Legal Case Summary
Re Casey’s Patents [1892] 1 Ch 104
When past consideration can be good consideration.
Facts
The defendant, Casey, managed some patents owned by the plaintiffs, Stewart and Charlton. The plaintiffs later signed a document that read: ‘In consideration of your services… we hereby agree to give you one-third share of the patents’. This payment was in return for work Casey had already done. When Casey registered this document on the patent register in order to claim his 1/3 interest in the patents, the plaintiffs applied to have the document expunged from the register.
Issues
The plaintiffs stated that the document was not a deed and therefore was required to be supported by consideration before it became a valid agreement. The issue was whether what Casey had already done was past consideration, in which case it would not be good consideration, and the agreement to give him an interest in the patents would be void.
Decision / Outcome
The Court of Appeal held that Casey must have assumed his work was to be paid for in some way. The work done was not just a matter of goodwill but something a manager would have expected to have been paid for.

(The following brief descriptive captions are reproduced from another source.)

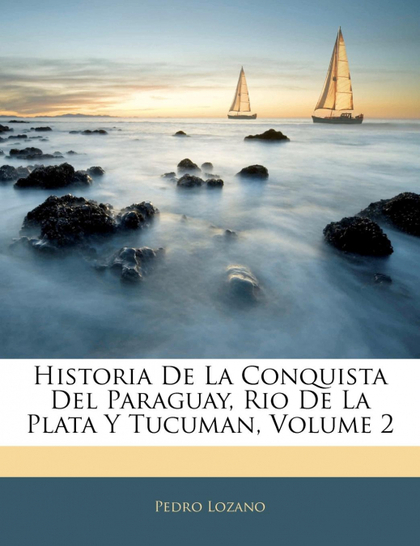 HISTORIA DE LA CONQUISTA DEL PARAGUAY, RIO DE LA PLATA Y TUCUMAN, VOLUME 2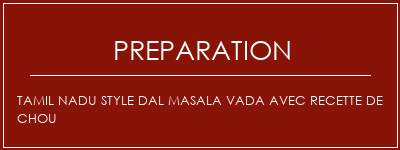 Réalisation de Tamil Nadu Style Dal Masala Vada avec recette de chou Recette Indienne Traditionnelle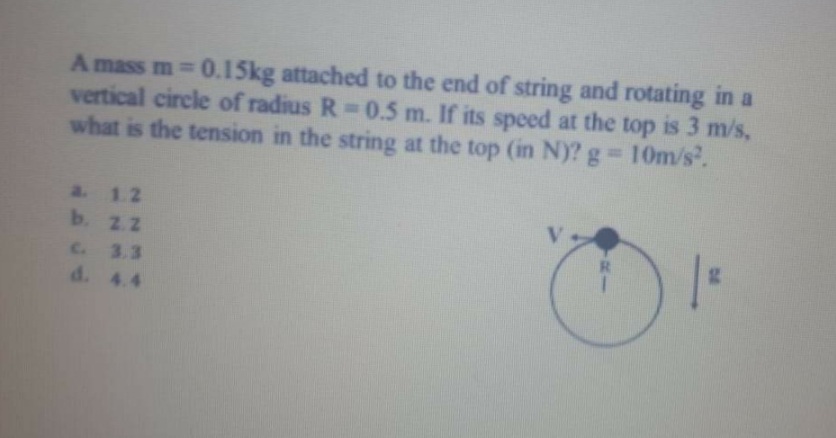 A mass m 0.15kg attached to the end of string and rotating in a
vertical circle of radius R 0.5 m. If its speed at the top is 3 m/s,
what is the tension in the string at the top (in N)? g 10m/s.
a. 1.2
b. 22
C. 3.3
d. 4.4
R.
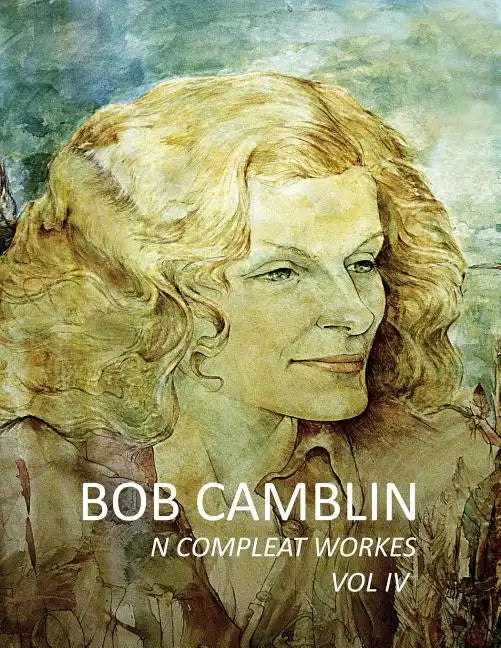 Bob Camblin N Compleat Workes: Ruminations About Life in The Late 20th Century VOL IV - Paperback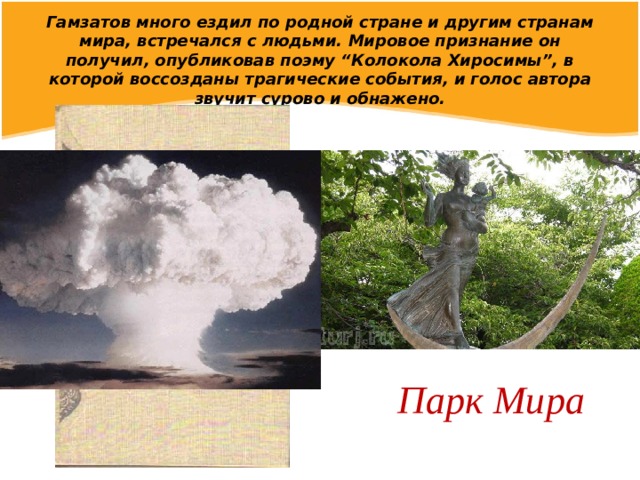 Гамзатов много ездил по родной стране и другим странам мира, встречался с людьми. Мировое признание он получил, опубликовав поэму “Колокола Хиросимы”, в которой воссозданы трагические события, и голос автора звучит сурово и обнажено. Парк Мира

The promise to pay was, therefore, just a crystallization of this reasonable expectation. Bowen LJ said (ay 116):
‘a past service raises an implication that at the time it was entered it was to be paid for, and… when you get in the subsequent document a promise to pay that promise may be treated… as an admission which… fixes the amount of that reasonable remuneration’.
Therefore, Casey’s past work was good consideration and the agreement was enforceable.